図1は本発明の実施例1に係る水処理フローを示す図、図2は実施例1の応用例を示す図、図3は本発明の実施例2に係る水処理フローを示す図、図6は本発明の実施例3に係る水処理フローを示す図、図7は本発明の実施例4に係る水処理フローを示す図、図8は本発明の実施例5に係る水処理フローを示す図、図9は本発明の実施例6に係る水処理フローを示す図である。
【0021】
尚、本実施例は、塩素含有水を電解することにより生成した次亜塩素酸の酸化力により、被酸化物含有水中の被酸化物を酸化分解する構成となっている。除去対象物とされる物質は、アルコール類、フェノール類、炭化水素類、アルデヒド類、ケトン類、脂肪酸類、エステル類、アミン類、窒素酸化物、アンモニア、色度成分、臭気成分に代表される被酸化物である。
【実施例1】
【0022】
図1及び図2に本実施例1に係る水処理フローを示す。本実施例1は、上記したような被酸化物を処理可能であるが、特に窒素化合物の除去に適している。被酸化物含有水は、含有される被酸化物の濃度が比較的高いものであり、数十ppm程度まで処理可能である。また、被酸化物含有水の処理量は数十m3/日程度まで処理可能である。
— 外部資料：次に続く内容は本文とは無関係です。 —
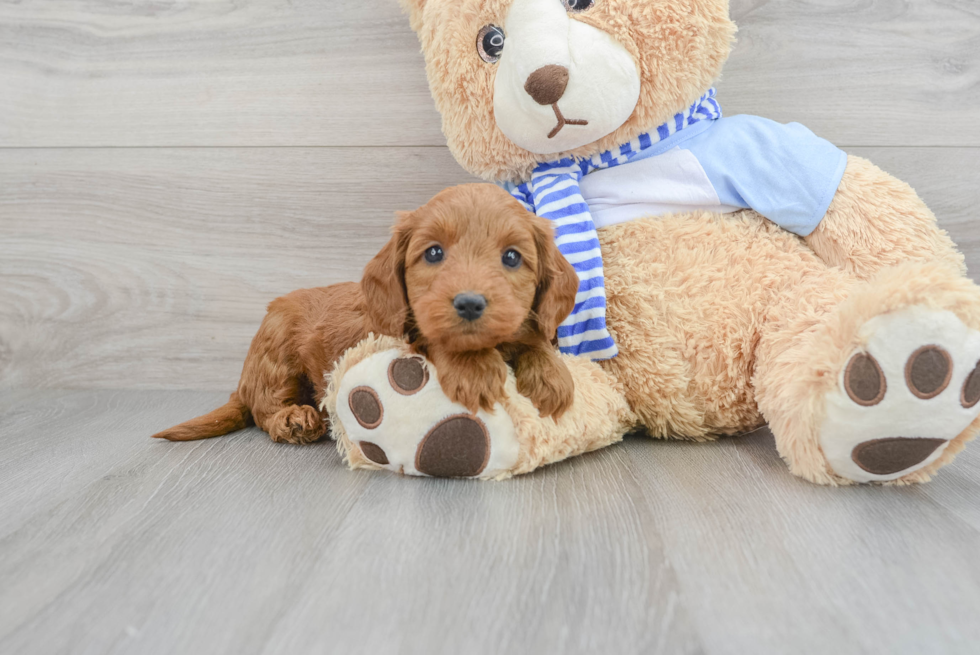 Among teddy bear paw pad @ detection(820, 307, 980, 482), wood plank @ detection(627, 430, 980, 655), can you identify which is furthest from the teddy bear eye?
teddy bear paw pad @ detection(820, 307, 980, 482)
本実施例1は図1に示すように、被酸化物含有水10が流入する還元装置1と、還元後の還元処理水が流入する膜前処理装置2と、膜前処理した膜前処理水を膜分離により濃縮する濃縮装置3と、濃縮装置3により得られる濃縮水15を電解する電解装置4と、電解処理液17を還元装置1に循環させる循環ラインとから構成され、これらにより電解処理サイクルが形成されている。
【0023】
還元装置1は、チオ硫酸ナトリウム等の還元剤11の供給手段を有し、後述する電解装置4から流入する電解処理液17中の残留塩素を還元剤により還元する装置である。還元反応式は以下の通りである。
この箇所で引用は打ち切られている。